No. 45 – San Diego Clippers
- Position: Shooting guard
- League: NBA G League

Personal information
- Born: March 26, 2003 (age 23) Omaha, Nebraska, U.S.
- Listed height: 6 ft 4 in (1.93 m)
- Listed weight: 185 lb (84 kg)

Career information
- High school: Millard North (Omaha, Nebraska)
- College: Gonzaga (2021–2023); Wake Forest (2023–2025);
- NBA draft: 2025: undrafted
- Playing career: 2025–present

Career history
- 2025: Philadelphia 76ers
- 2025: →Delaware Blue Coats
- 2026–present: San Diego Clippers

Career highlights
- 2× First-team All-ACC (2024, 2025); McDonald's All-American (2021); Nike Hoop Summit (2021);
- Stats at NBA.com
- Stats at Basketball Reference

= Hunter Sallis =

American basketball player (born 2003)

Hunter Amon Sallis (born March 26, 2003) is an American professional basketball player for the San Diego Clippers of the NBA G League. He played college basketball for the Gonzaga Bulldogs and Wake Forest Demon Deacons.

==High school career==
Sallis did not start on his middle school basketball team but earned a spot on the varsity team as a freshman at Millard North High School in Omaha, Nebraska.
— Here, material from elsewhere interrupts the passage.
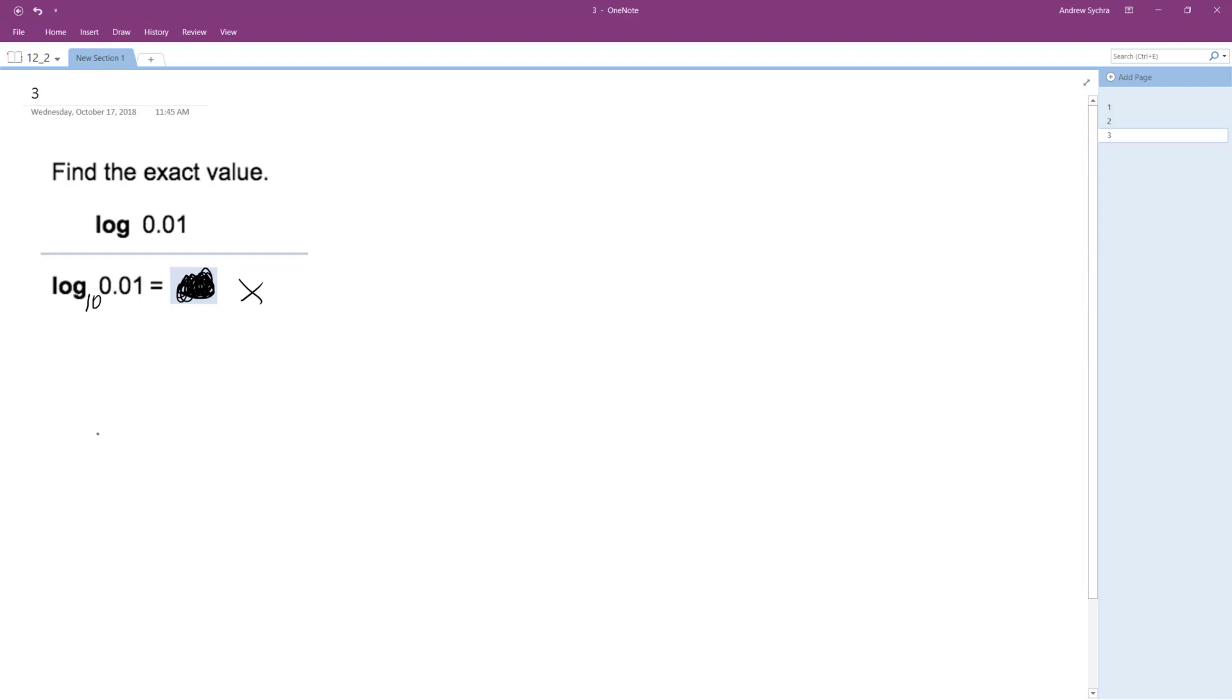If we rewrite this in exponential form, it's the same thing as saying 10 raised to some x power is equal to 0.01.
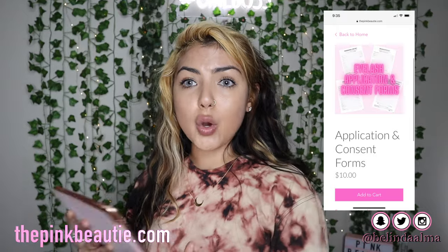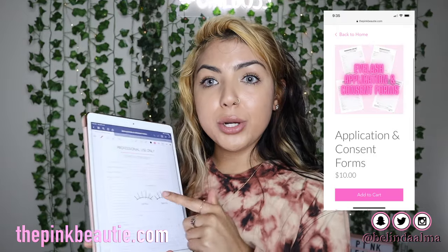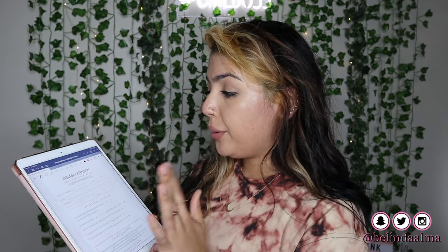These forms can be found on my website, thepinkbeauty.com — I'll have everything down below. It's only ten dollars and it comes with printable, downloadable forms. These forms are very, very important — if you don't have them sign them, they're gonna come back at you. Having consent forms is very, very important. You want to have them fill it out and store it for later so they can't come back at you.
He was nicknamed "Bambi" due to his lack of coordination at the time. As a senior, Sallis averaged 22.2 points, 4.6 rebounds and 3.8 assists per game, leading Millard North to its first Class A state title in 2021. He finished with 1,819 career points, the third-most in Class A history, behind only Andre Woolridge and Erick Strickland. He was named to the rosters for the McDonald's All-American Game, Jordan Brand Classic and Nike Hoop Summit. Additionally, he was named the Nebraska Gatorade Player of the Year.

===Recruiting===
Sallis was rated a five-star recruit by ESPN and 247Sports, and a four-star recruit by Rivals. He was the first five-star basketball recruit in Nebraska history. On March 26, 2021, he committed to playing college basketball for Gonzaga over offers from North Carolina and Creighton. He became the highest-ranked recruit in program history until Chet Holmgren committed a month later.

College recruiting
| Name | Hometown | School | Height | Weight | Commit date |
| Hunter Sallis PG | Omaha, NE | Millard North (NE) | 6 ft 5 in (1.96 m) | 175 lb (79 kg) | Mar 26, 2021 |
Recruit ratings: Rivals: 247Sports: ESPN: (93)
Overall recruit ranking: Rivals: 36 247Sports: 9 ESPN: 16
Note: In many cases, Scout, Rivals, 247Sports, On3, and ESPN may conflict in their listings of height and weight.; In these cases, the average was taken. ESPN grades are on a 100-point scale.; Sources: "Gonzaga 2021 Basketball Commitments". Rivals. Retrieved September 9, 2021.; "2021 Gonzaga Bulldogs Recruiting Class". ESPN. Retrieved September 9, 2021.; "2021 Team Ranking". Rivals. Retrieved September 9, 2021.;

==College career==
Sallis averaged 4.3 points, 2.0 rebounds per game as a freshman at Gonzaga. As a sophomore, Sallis averaged 4.5 points, 2.2 rebounds and 1.4 assists per game.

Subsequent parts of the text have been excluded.